◆ BRIEF
Give back the full listing, character for character, with no pictures.

== SUPPLIED MATERIAL ==

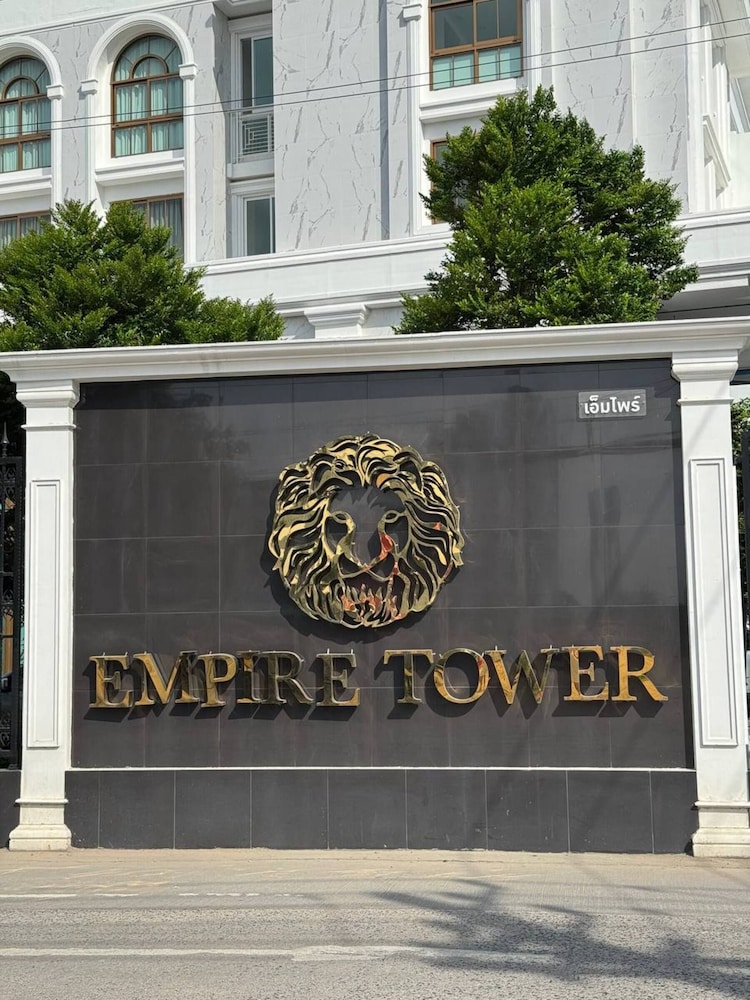 GSR-Empire Tower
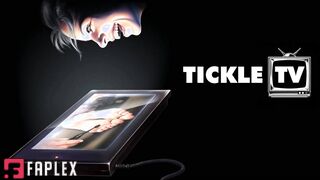 Fettish – Tickle TV – The Interrogation of Lithie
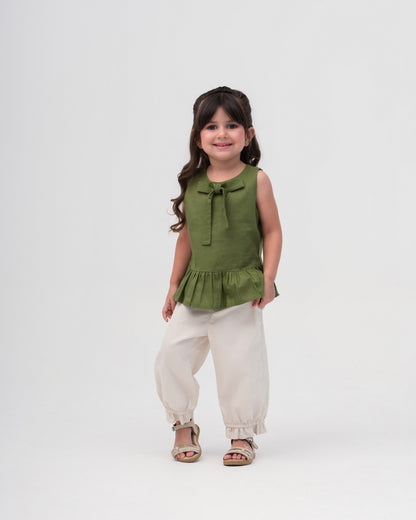 Conjunto Paola | Parangolé Kids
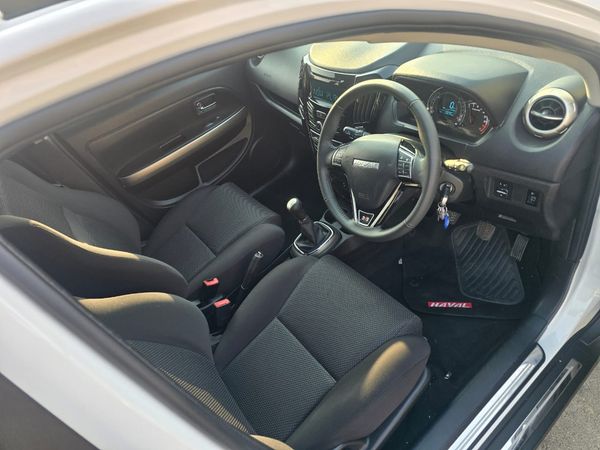 2021-Haval-H1-15-VVT image:6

===

◆ TASK OUTPUT
 GSR-Empire Tower
 Fettish – Tickle TV – The Interrogation of Lithie
 Conjunto Paola | Parangolé Kids
 2021-Haval-H1-15-VVT image:6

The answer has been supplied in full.